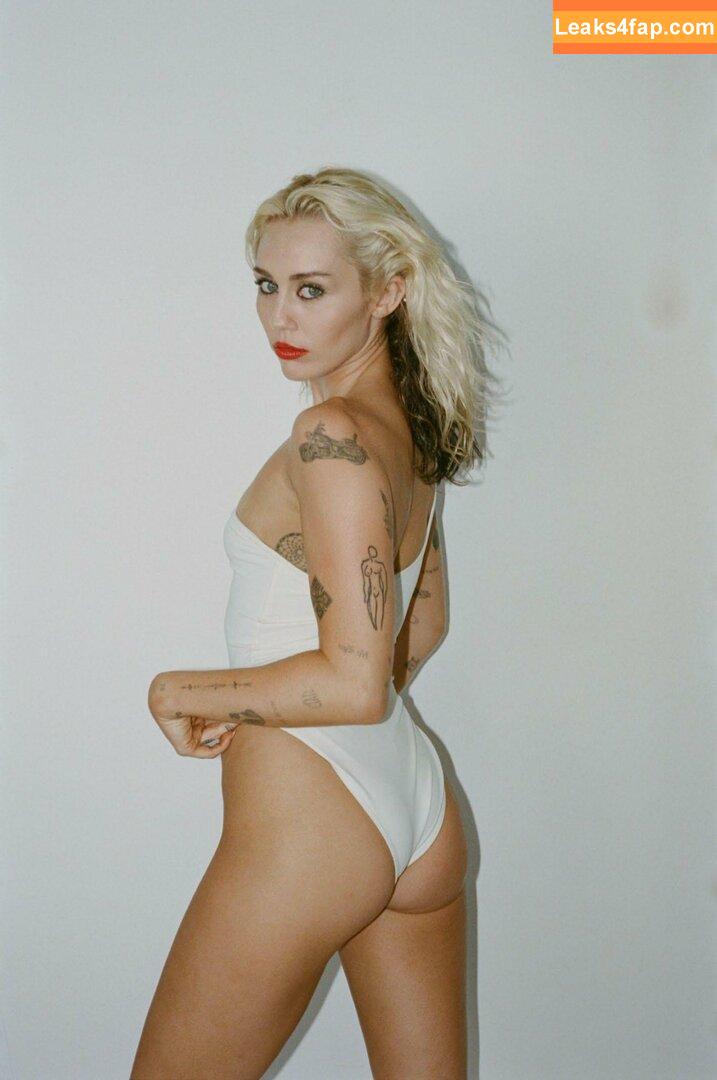 Miley Cyrus / https: / mileycyrus leaked photo photo #1504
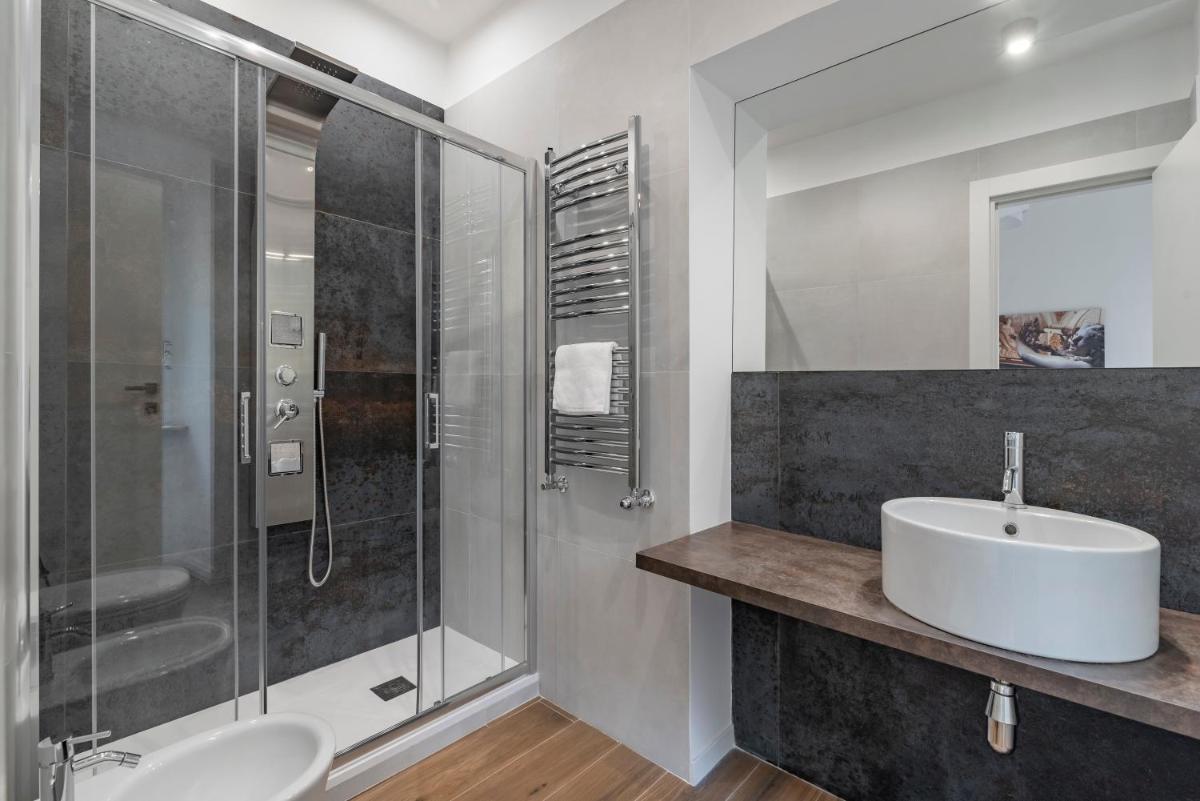 Leo's Colosseum - Private Apartments - Housity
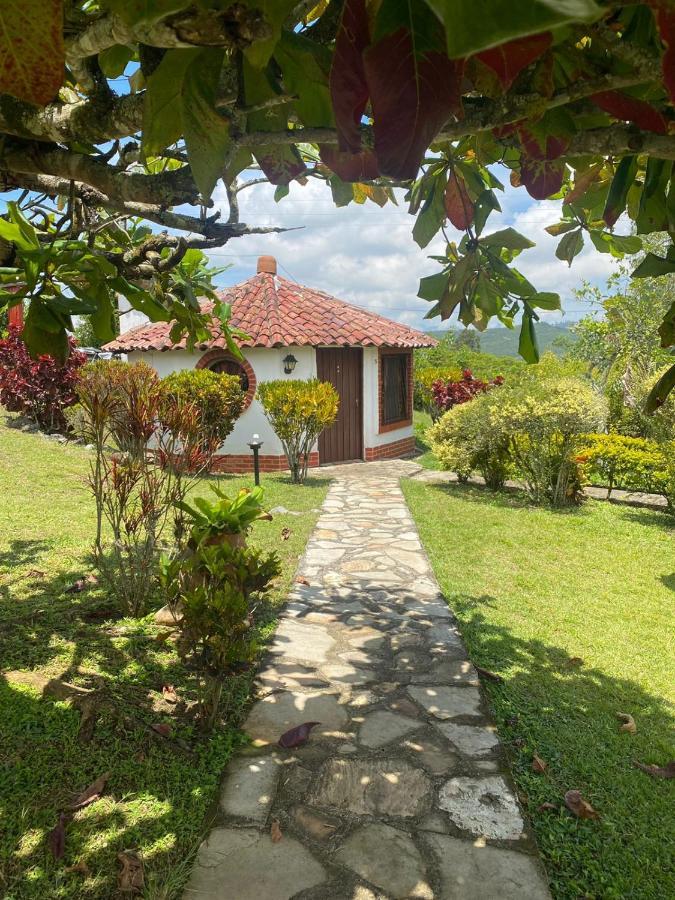 Hotel Campestre La Loma Curiti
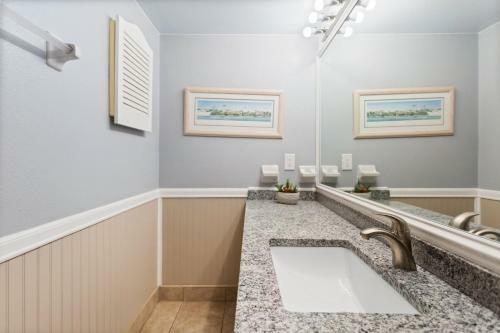 #304 Beach Place Condos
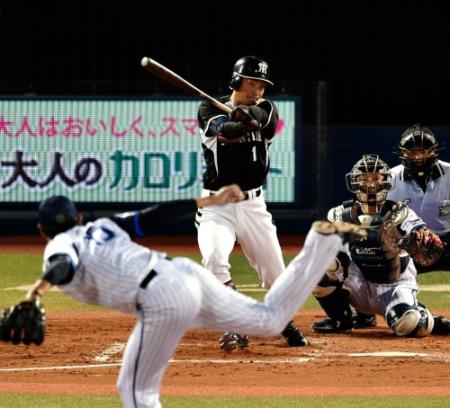 ３回阪神２死二塁、鳥谷敬は左線に適時打を放つ＝横浜スタジアム（撮影・吉澤敬太）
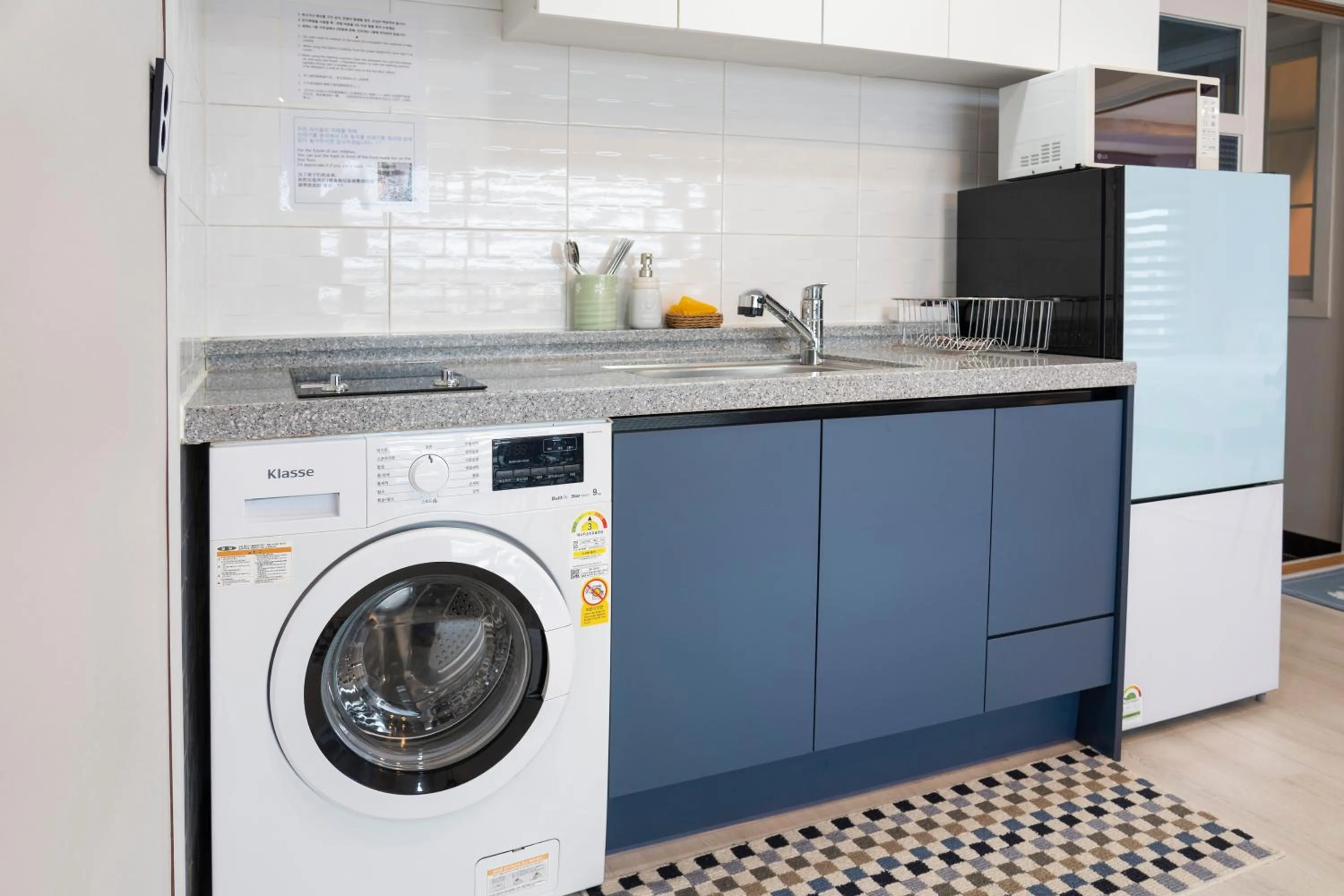 Decorative detail in Pension Haneul Tari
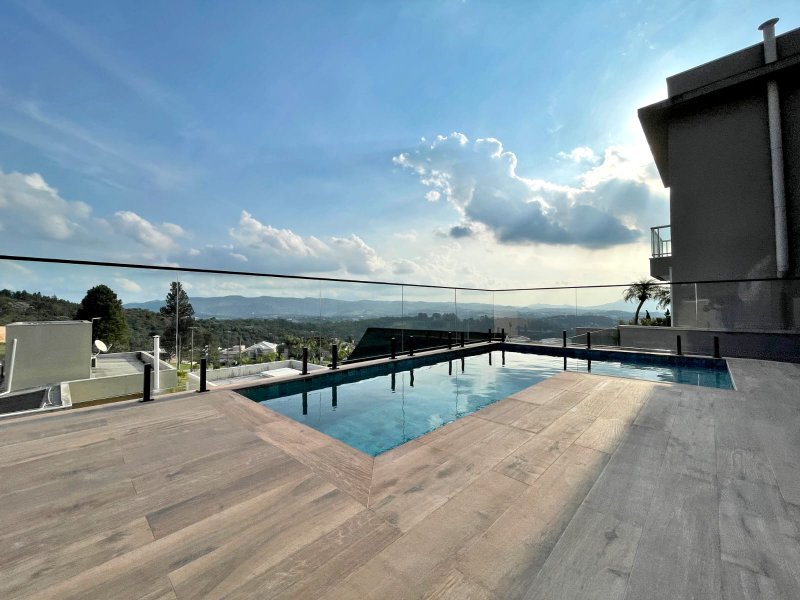 Casa Nova no Res. Valville, um projeto Leonice Alves Alameda dos Sinos  Santana de Parnaíba - 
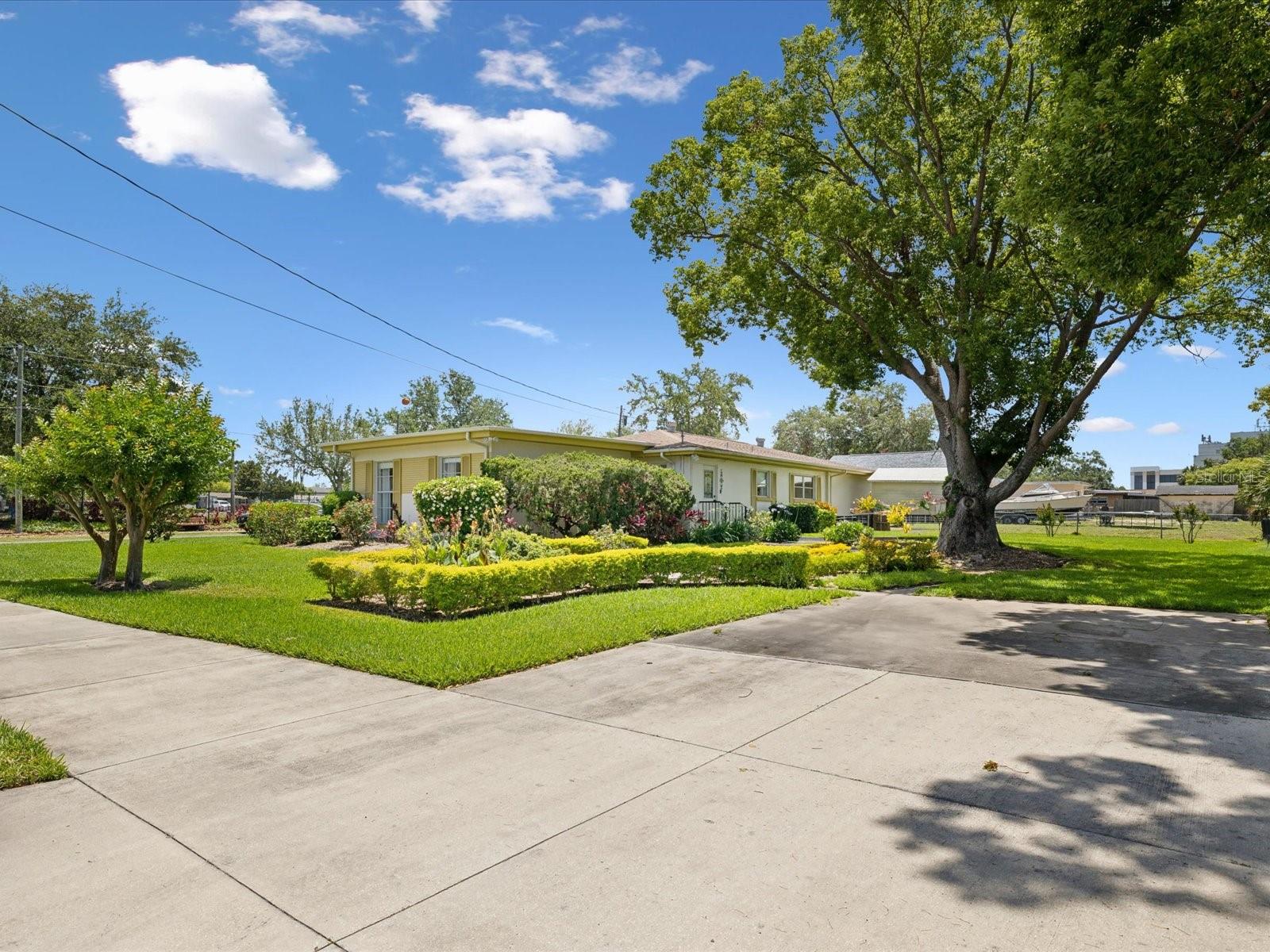 6823 OAK HILL DRIVE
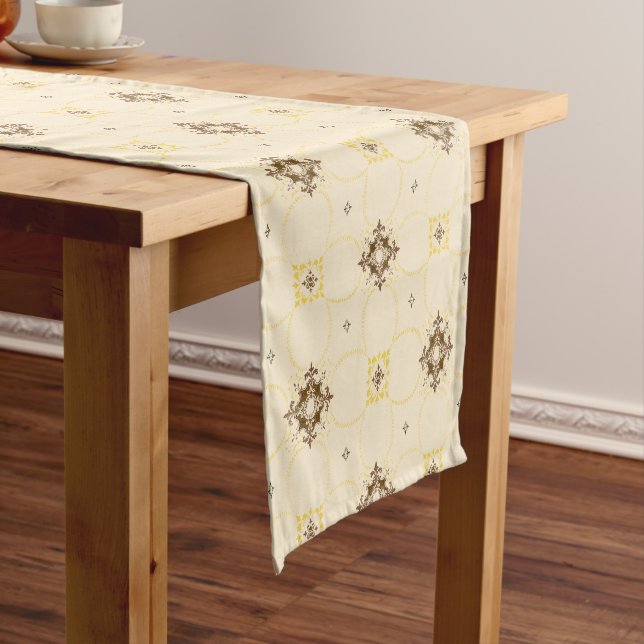 Vintage Alternating Medallions Pattern Short Table Runner (In Situ)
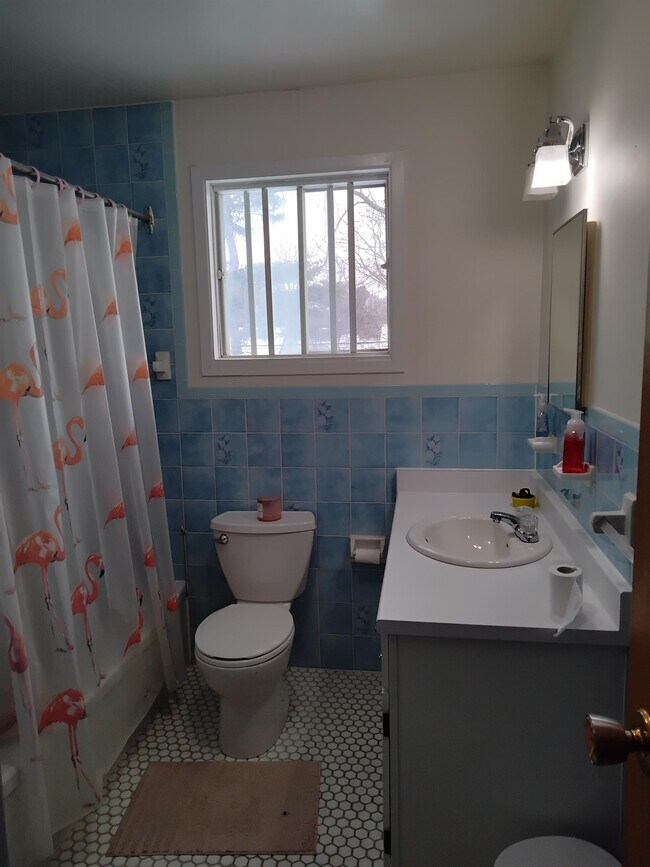 Photo du bâtiment - 945 Admiral Ave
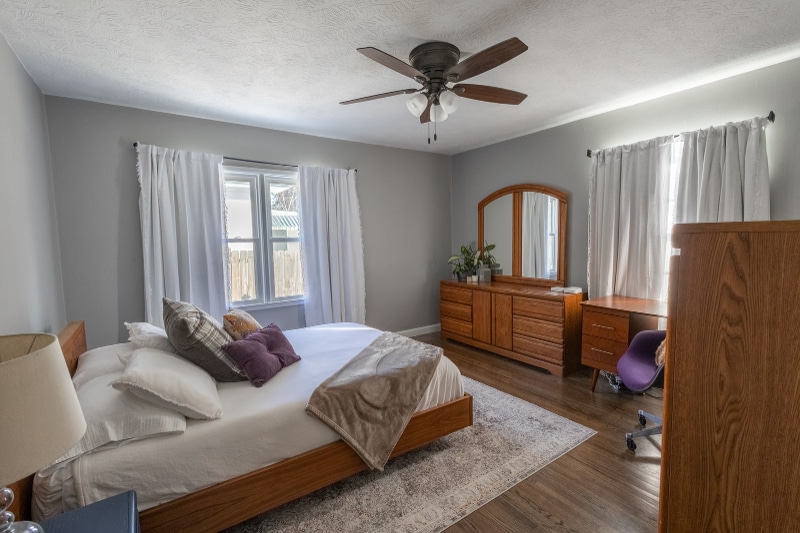 Building Photo - 1621 W 22nd St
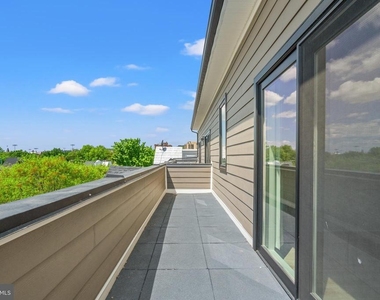 1130 Penn Street Ne - Photo Thumbnail 6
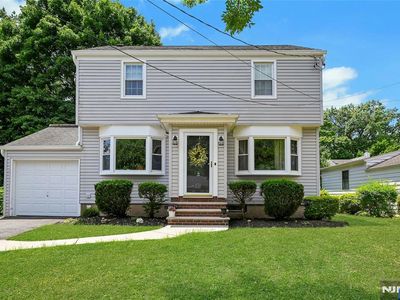 63 Surrey Ln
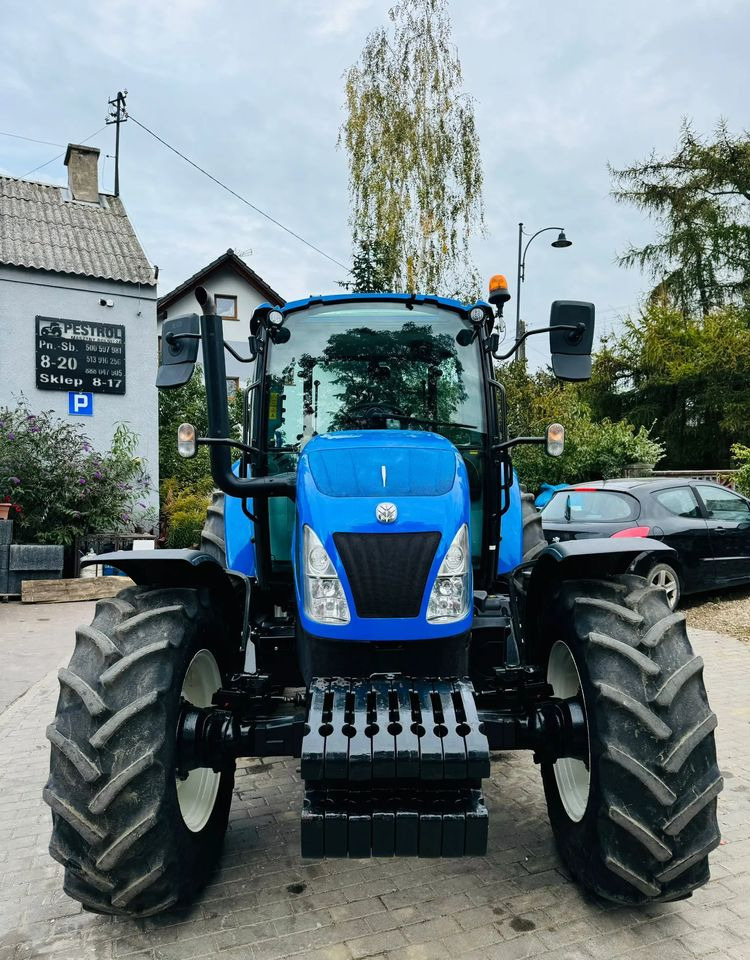 New Holland T5.100 - Tractor: foto 4 New Holland T5.100 - Tractor: foto 4
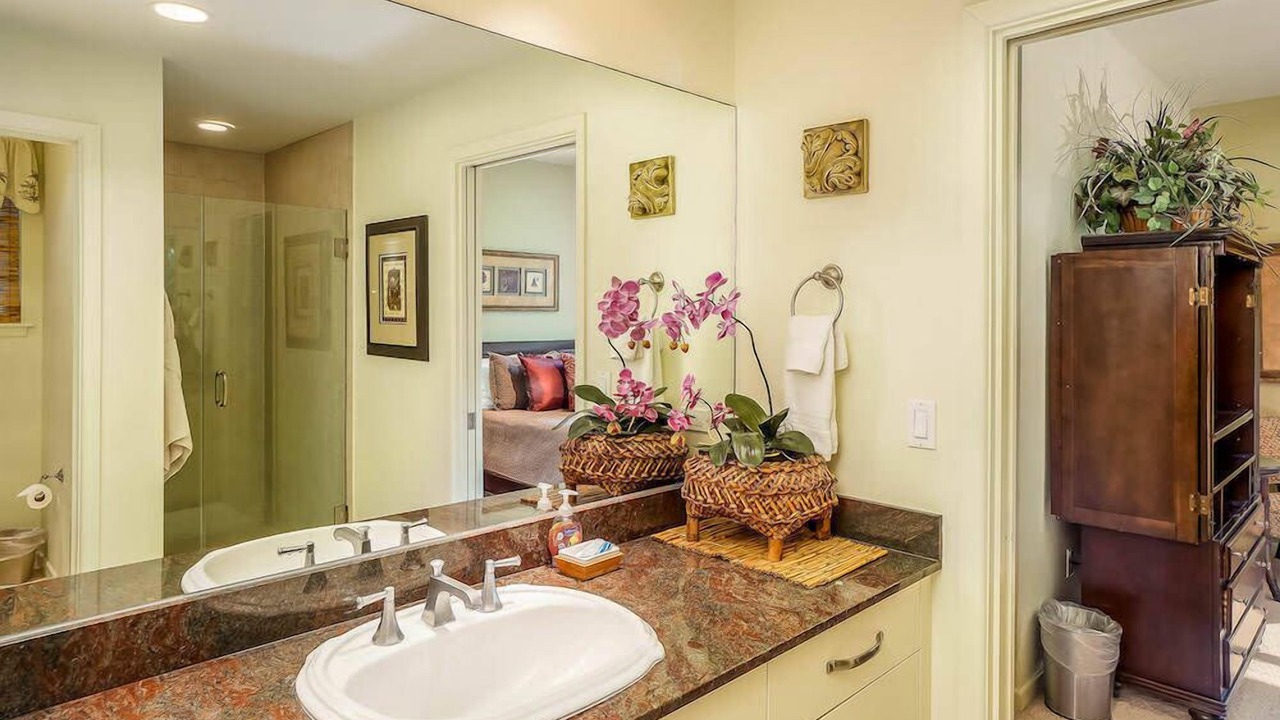 Photo of Bathroom in Kahaluu Bay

-------------------------

* What you will do *
Up to and including the line that contains "6823 OAK HILL DRIVE", print the records above exactly from their first line, without any pictures.

* Answer box *
 Miley Cyrus / https: / mileycyrus leaked photo photo #1504
 Leo's Colosseum - Private Apartments - Housity
 Hotel Campestre La Loma Curiti
 #304 Beach Place Condos
 ３回阪神２死二塁、鳥谷敬は左線に適時打を放つ＝横浜スタジアム（撮影・吉澤敬太）
 Decorative detail in Pension Haneul Tari
 Casa Nova no Res. Valville, um projeto Leonice Alves Alameda dos Sinos  Santana de Parnaíba - 
 6823 OAK HILL DRIVE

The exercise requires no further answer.